● **PROBLEM TO WORK ON**:
What you return should be the complete data below, word for word, with no pictures in it.

Short web captions:
● ● ● ● ● ● ●

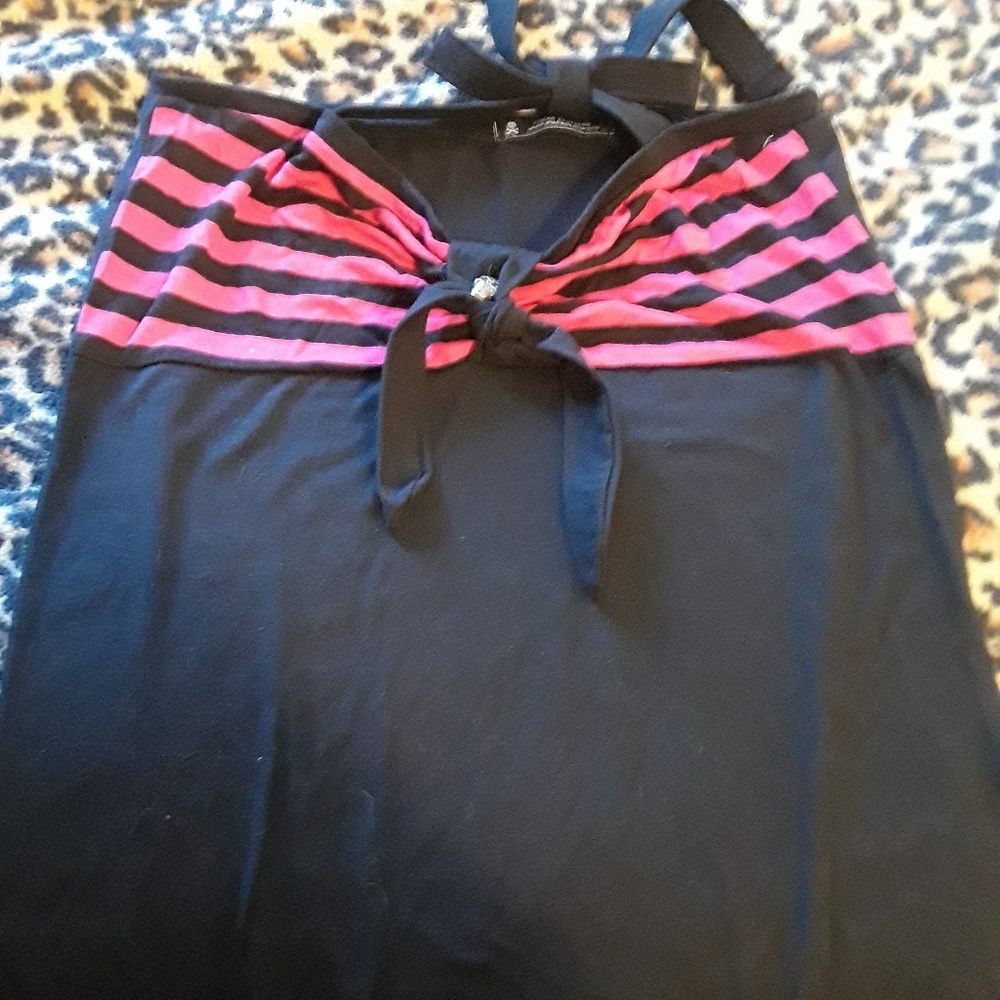 Pinup punk striped halter top skull rockabilly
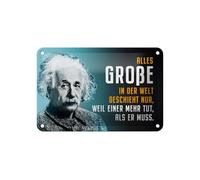 Femer Plaque en tôle avec citation 12 x 18 cm Einstein bleu parce qu'un fait plus qu'il ne doit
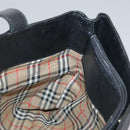 Burberrys Hand Bag Leather Black Gold Auth bs20817-20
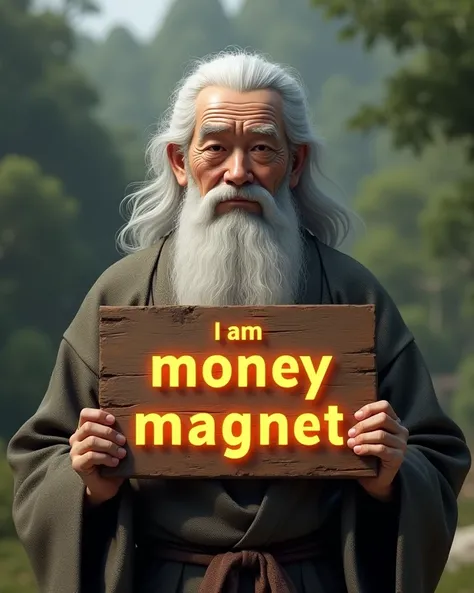 A Japanese Old Man, long beards, long hair, realistic render, holding a sign saying " I AM MONEY MAGNET " Text front is bold Glowing 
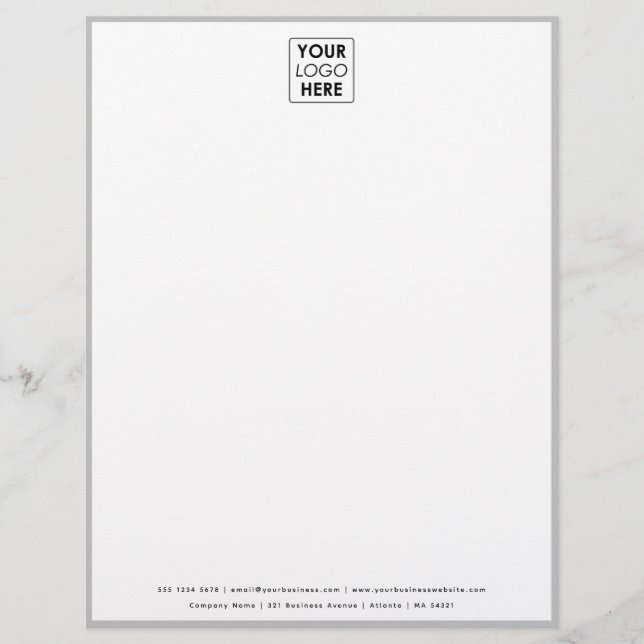 Professional Grey Border Business Logo Letterhead (Front)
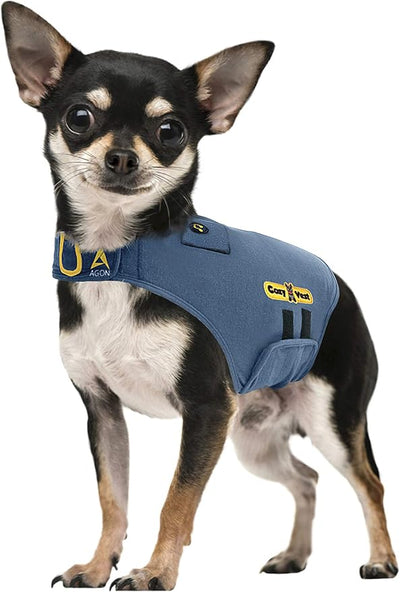 CozyVest® Dog Anxiety Vest 3-in-1 Music & Aromatherapy Shirt, Relaxing Sound & Essential Oils Jacket, Fireworks Thunder Separation & Thunderstorm Canine Stress Relief Coat (Gray, XXS [Up to 7 Lbs])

● ● ● ● ● ● ●

● **SOLUTION FOR THIS EXERCISE**:
 Pinup punk striped halter top skull rockabilly
 Femer Plaque en tôle avec citation 12 x 18 cm Einstein bleu parce qu'un fait plus qu'il ne doit
 Burberrys Hand Bag Leather Black Gold Auth bs20817-20
 A Japanese Old Man, long beards, long hair, realistic render, holding a sign saying " I AM MONEY MAGNET " Text front is bold Glowing 
 Professional Grey Border Business Logo Letterhead (Front)
 CozyVest® Dog Anxiety Vest 3-in-1 Music & Aromatherapy Shirt, Relaxing Sound & Essential Oils Jacket, Fireworks Thunder Separation & Thunderstorm Canine Stress Relief Coat (Gray, XXS [Up to 7 Lbs])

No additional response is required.